» **EXERCISE**: What you should give back is a precise copy of the lines below from the one containing "Brighton inside lid" through the one containing "Villa on Al", with no pictures.

» **INPUT RECORDS**:

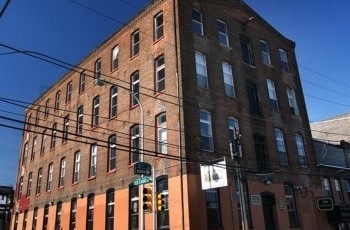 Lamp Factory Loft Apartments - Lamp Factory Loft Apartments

* * *

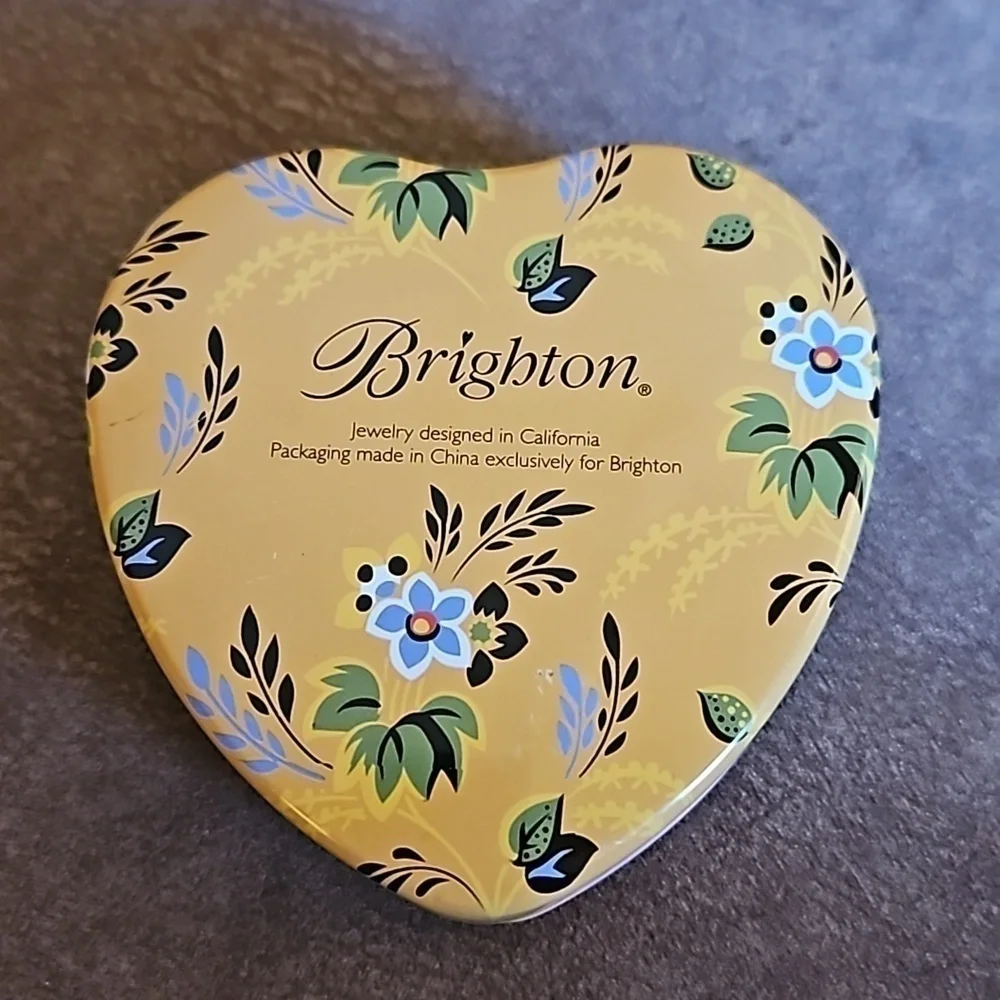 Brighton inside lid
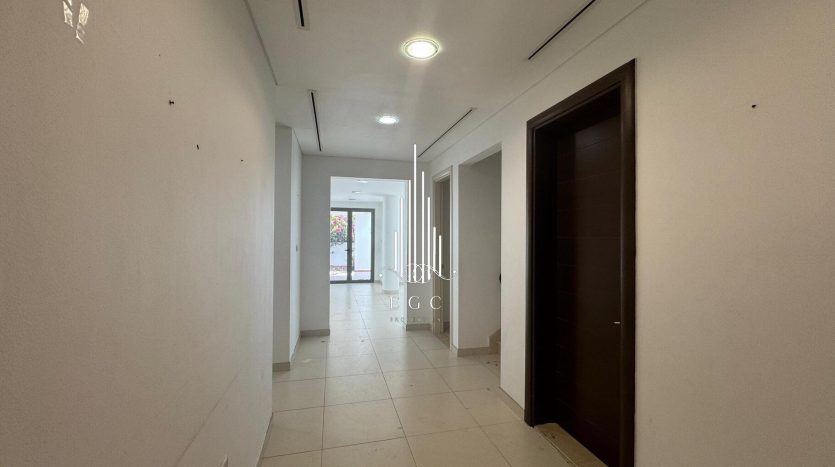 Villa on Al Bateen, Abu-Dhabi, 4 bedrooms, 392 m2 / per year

» **SOLUTION TO THIS PROBLEM**:
 Brighton inside lid
 Villa on Al Bateen, Abu-Dhabi, 4 bedrooms, 392 m2 / per year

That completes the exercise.